The third is Johnny Steele, who currently survives killing, with comedy, old people at retirement homes—a tough crowd, to be sure. Steele was too iconoclastic for David Letterman, who featured Brown two times and Durst only once.
“Kids just stare at me, why is this bitter old man lecturing me?” Durst remarked, in reference to his equal parts political and very funny material.
Donna LoCicero and Robert Campos have been 'co-everything' for three decades. photo: courtesy Campos/LoCicero
The project was a labor of love for the two producer/directors. “We were co-everything on [the film],” LoCicero said, "AND we’ve been married 21 years!"
Prior to “3 Still Standing”, they focused on television projects for the Discovery Channel, National Geographic, ABC and CBS, and amassed a rather astounding resume.
For a while, in fact, they locked in the “crazed adventure” beat, from swimming with sharks to summiting (or not, as is sometimes the case), massive mountains.
Hence, they were overjoyed to make the cerebral turn to comedy, albeit under sad circumstances—its diminishment, if not demise, in San Francisco.
While it boomed in the ‘60s, and again in the ‘80s, the arrival of cable, which allowed you to watch crazies from the comfort of your own home, and the sheer number of spectacular comics, which attracted another type of shark, the conglomerates, drove many of the comedy clubs out of business and the comics to LA.
This fact came into stark relief for Campos and LoCiciro when they returned to live in the Bay Area. They started filming in 2010, focusing on the '80s, which they fondly remembered from when they were young lovers on dates in the audience.
Hoping to find out more about the great movie I had just seen—recommended by my friend, the musician and mixer supreme Tom Disher—as well as the Bay Area’s once-lightening bright comedy scene, I called LoCiciro and Campos at their San Francisco home.
CineSource: What drew you to the comedy subject?
Donna LoCicero: We were in the audience in the ‘80s. I had a friend who managed The Punchline for years [on Battery Street]. We went to The Other Café [comedy club, now defunct].
Robert Campos: We loved that scene. We knew, even as it was happening, this was something special.
Johnny Steele was already cutting up at four in Pittsburg, CA. photo: courtesy W. Durst
[Then] we left San Francisco and came back 20 years later and wondered, ‘What happened to all that—where are all those people?’
I was amazed that San Francisco developed the standup movement and, then, that it disappeared. According your film, it was ‘Cable that killed the comedy show,’ but I suspect a bit came from ‘yuppification’ in the ‘80s.
Robert: Many factors were involved.
Donna: The audience got to that age: they got children, they moved to the suburbs—that had a dampening effect.
Robert: In the ‘80s, if you were a standup comedian and you wanted to try out fresh, edgy material, this really was the place. Folks like ‘Bobcat’ Goldthwait or Dana Carvey, it was a place where they could play.
Then cable and bigger businesses got a hold of it and they ruined the local scene.

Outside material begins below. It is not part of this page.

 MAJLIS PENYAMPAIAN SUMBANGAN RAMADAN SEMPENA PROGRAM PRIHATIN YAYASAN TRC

Donna: Some of the clubs got bigger. Cobbs Comedy Club got bigger; The Other bought a place in Emeryville. [But] comedy works best in small rooms with low ceilings where the laughter bounces around. [It] doesn’t work as well as in large venues.

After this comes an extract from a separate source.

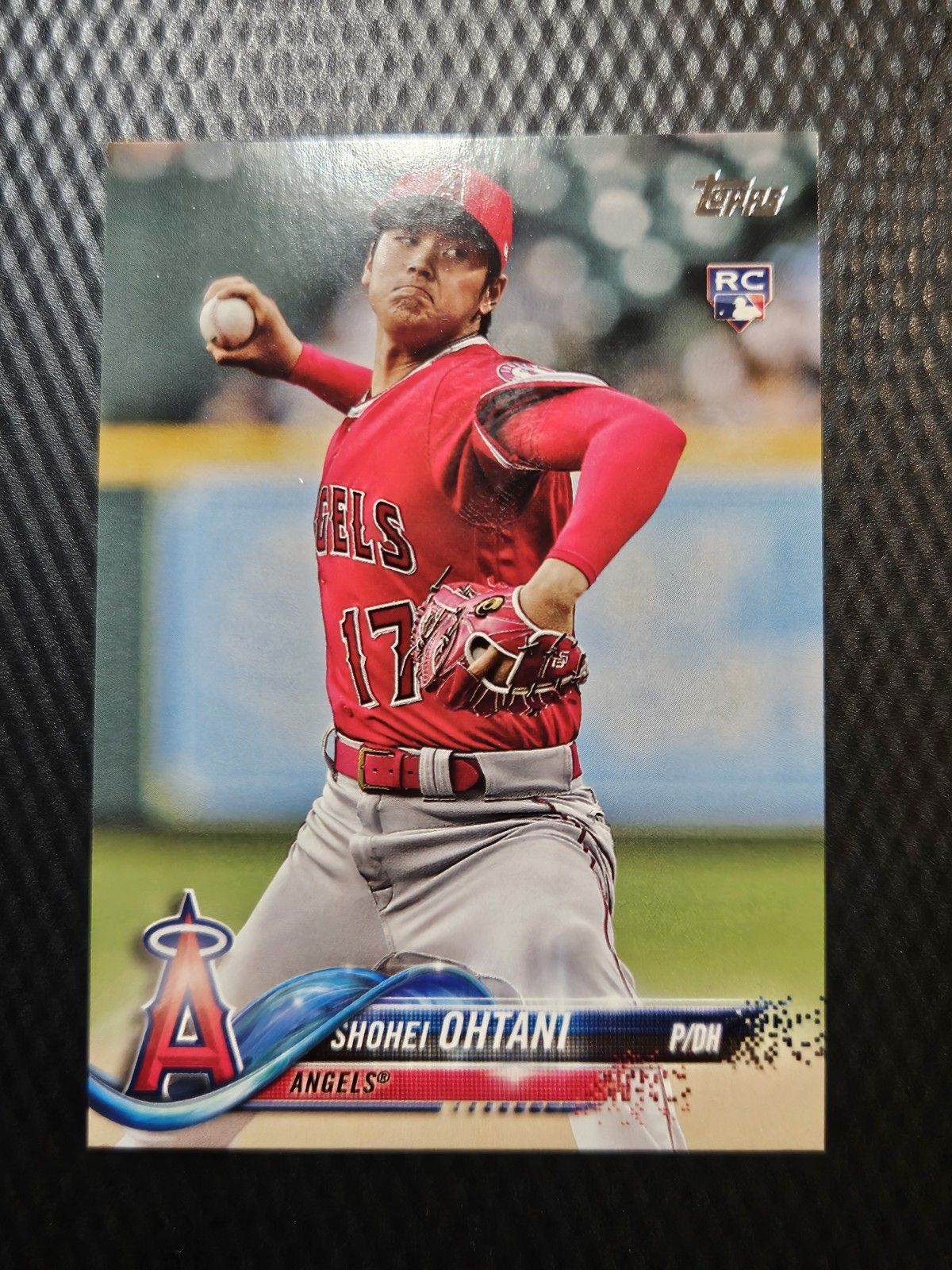 2018 Topps Update Series - Shohei Ohtani #US1 Pitching, Red Jersey (RC)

Robert: The minute you try to tweak it for money—a 500-seat theater with two-drink minimum—you are messing with something that is very fragile. It is a fragile, fragile art form.
Donna: That being said, there is a lively scene going now—lots of open mikes. When we were putting postcards [for the film] at all the open mikes Tuesday night, we had to divvy it up because there were so many venues.
Just in The City, there were 20 open mikes that night. No one is making any money but there is a really interesting comedy scene coming up.
Robert: We have seen that traveling around with the film. We were in Austin and Denver and both those cities had really vibrant open mike nights.
We had a lot of young comics come up after the movie and say, ‘Wow, we have never seen these veteran comedians live.’ It was really a trip for them.
Larry Brown was nicknamed 'Bubbles' back in the '80s when someone suggested a mixed-gender group adjourn to a hot tub and he was a notch or three overeager. photo: courtesy Campos/LoCicero
Has there been any push-back from the micro-aggression, politically-correct people?
Robert: Not sure I follow your question.
Judging from Lenny Bruce, who made San Francisco his home away from home, he was pretty in your face, curse words, politically incorrect. The yuppification of San Francisco might have toned down a freewheeling audience open to that.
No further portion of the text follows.